Based on this observation, this paper introduces a new research problem—Sequential Deepfake Detection (Seq-Deepfake). Unlike existing deepfake detection tasks that only require binary classification (real/fake), sequential deepfake detection demands the correct prediction of a sequence of facial manipulation operations. To support large-scale research, the authors constructed the first sequential deepfake dataset, which includes facial images manipulated through multi-step operations along with corresponding sequence annotations.
Paper Source
This paper is co-authored by Rui Shao, Tianxing Wu, and Ziwei Liu, affiliated with Harbin Institute of Technology (Shenzhen) and Nanyang Technological University, Singapore. The paper was accepted by Springer Nature’s International Journal of Computer Vision on December 1, 2024, and officially published in 2025.

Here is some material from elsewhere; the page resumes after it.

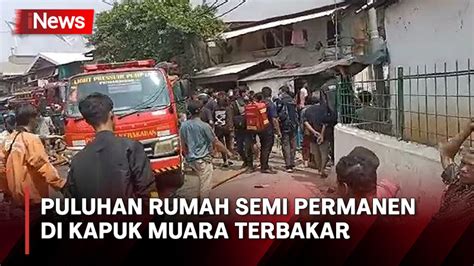 Kebakaran Di Kapuk Muara Puluhan Rumah Semi Permanen Ludes Video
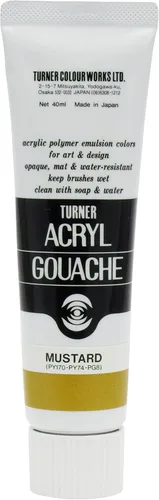Miniatura 4 de Turner Colour Works Acryl Gouache Artist - Pintura acrílica (tubo individual de 3.4 fl oz), color verde oliva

Research Process and Experimental Design
1. Construction of the Sequential Deepfake Dataset
To support research on sequential deepfake detection, the authors constructed a large-scale sequential deepfake dataset (Seq-Deepfake Dataset). This dataset is based on two representative facial manipulation techniques: Facial Components Manipulation and Facial Attributes Manipulation. Unlike existing deepfake datasets that only provide binary labels, the proposed dataset includes annotations for manipulation sequences of varying lengths.
Facial Components Manipulation: Using the StyleMapGAN model, facial components (e.g., eyes, nose) from a reference image are transplanted onto the original image to generate manipulated images. Each manipulation step corresponds to a specific facial component operation.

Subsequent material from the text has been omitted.